O que me fez lembrar de uma tese, que escrevi junto com Fernando Leite, no início dos anos 1980: a evolução da publicidade é determinada pela tecnologia utilizada, estrutura disponível e atuação comercial dos veículos, cabendo aos anunciantes e agências aproveitarem ao máximo suas possibilidades. Isso vem desde 1700 e poucos, quando os jornais da Fleet Street, em Londres, lançaram as raízes da dimensão industrial da publicidade.
300 anos depois ela está no auge da revolução motivada pelo digital, que vem transformando de forma profunda o resultado de mais de um século de imensa expansão econômica da área – pois, só nos Estados Unidos, passou de cerca de US$ 1,5 bilhão ao ano no início dos anos 1900 para perto de US$ 250 bilhões na entrada do século 21. O grande fluxo dominante atual tem sido o digital, que não apenas literalmente criou um novo meio como abalou severamente dois outros, tradicionais, o jornal e a revista, e incomodou os demais, inclusive o mais poderoso e utilizado de todos, a TV.
Mas, apesar de seu domínio econômico, o digital ainda é um pós-adolescente desengonçado, cheio de problemas e oportunidades, entrando em sua fase de amadurecimento.
O modelo econômico do digital não fez bem até para a maioria de seus players, tendo privilegiado alguns poucos e deixando um rastro de fracassos entre os próprios pares. Até pouco tempo não havia nem mesmo abalado a TV, até hoje o meio mais eficiente e mais eficaz da publicidade, que está perdendo seu rumo só agora, desde que em 2017 o digital lhe tomou o bastão de líder do mercado.

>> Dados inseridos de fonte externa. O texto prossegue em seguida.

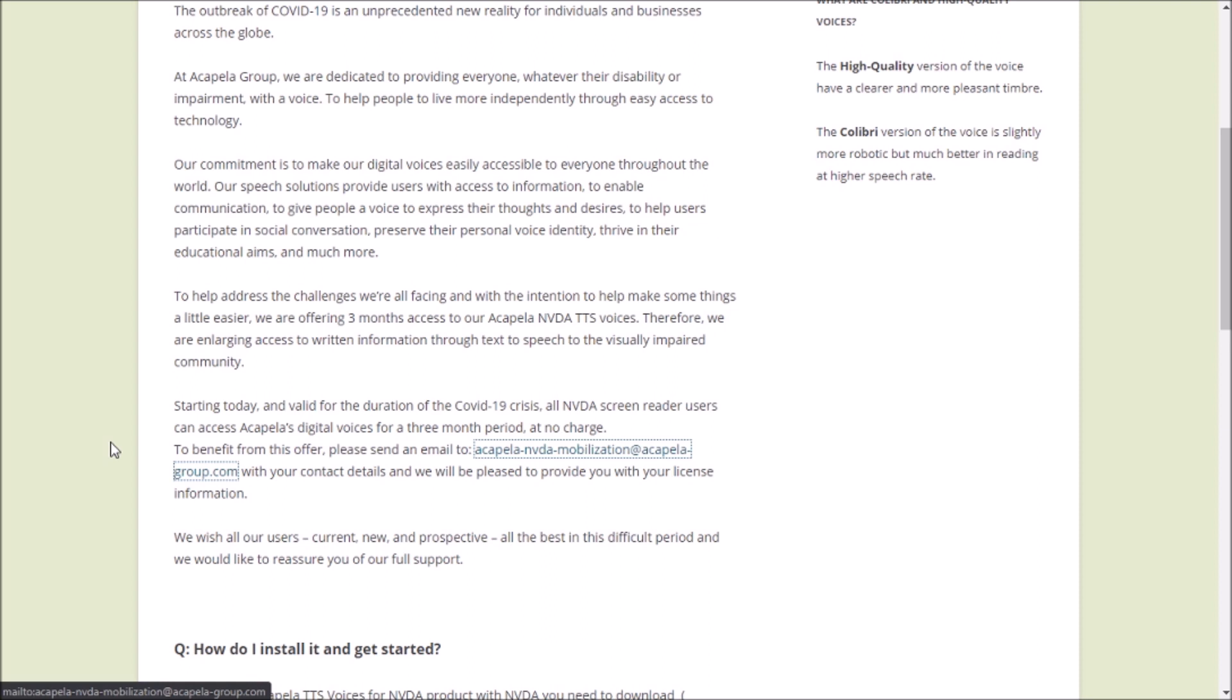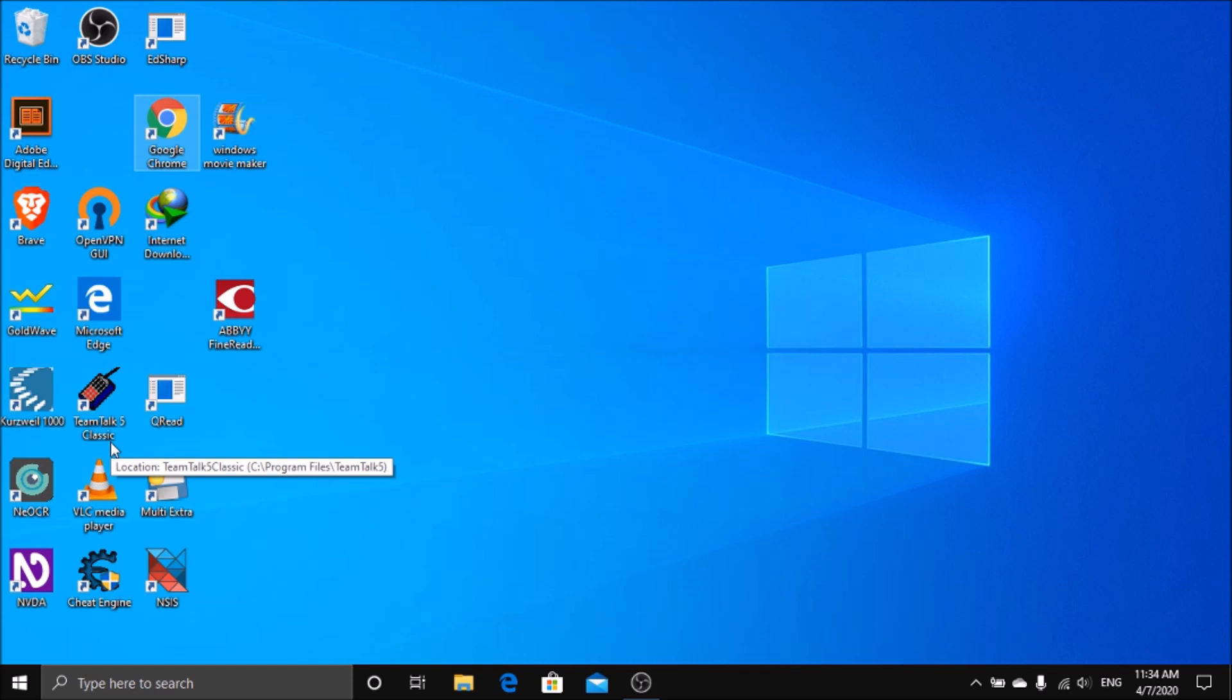Just send it to this particular email address. After that, you will get a reply from them within two working days because they will verify it manually. Let me show you the reply from them to me. Let me turn on my screen curtain as there is info of my license as well, so I don't want to make it visible to everyone.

Quanto aos demais, os que souberam enfrentar a onda com mais sabedoria e inclusive aproveitar os recursos digitais para modernizar sua tecnologia e estrutura, bem como ajustar seu modelo comercial, safaram-se melhor.
Vamos aos números: o jornal foi o grande perdedor, saindo de uma receita global de US$ 107,35 bilhões em 2000 para US$ 44,05 bi em 2018 (-59%) e com tendência de cair nos próximos dois anos; a revista saiu, nesse período, de US$ 47,46 bi para US$ 26,22 bi (-45%); o rádio, que soube se imiscuir no mundo digital, cresceu 13%, de US$ 30,38 bi para US$ 34,20 bi; a TV cresceu 61%, passando de US$ 116,33 bi para US$ 187,48 bi e apresenta uma tendência de perda (mas que ainda pode não acontecer, se ela souber aproveitar o contrafluxo, que parece se formar – tema para a segunda parte desta série).
Quem soube surfar bem e incorporar de forma eficaz o digital foi o OOH, que cresceu 98% entre 2000 e 2018, passando de US$ 18,99 bi para US$ 37,66 bi e ainda com tendência de alta. E o cinema, que também surfou legal, pulou 398%, de US$ 0,87 bi para US$ 4,34 bi, e tem previsão de crescer 12% em 2020, empatando ou até superando o digital, que registrou um salto quântico de 2.774% no período, passando de US$ 7,90 bi para US$ 227,09 bilhões, mas que parece estar reduzindo seu empuxo de subida e deve vir a sofrer o contrafluxo nos próximos anos.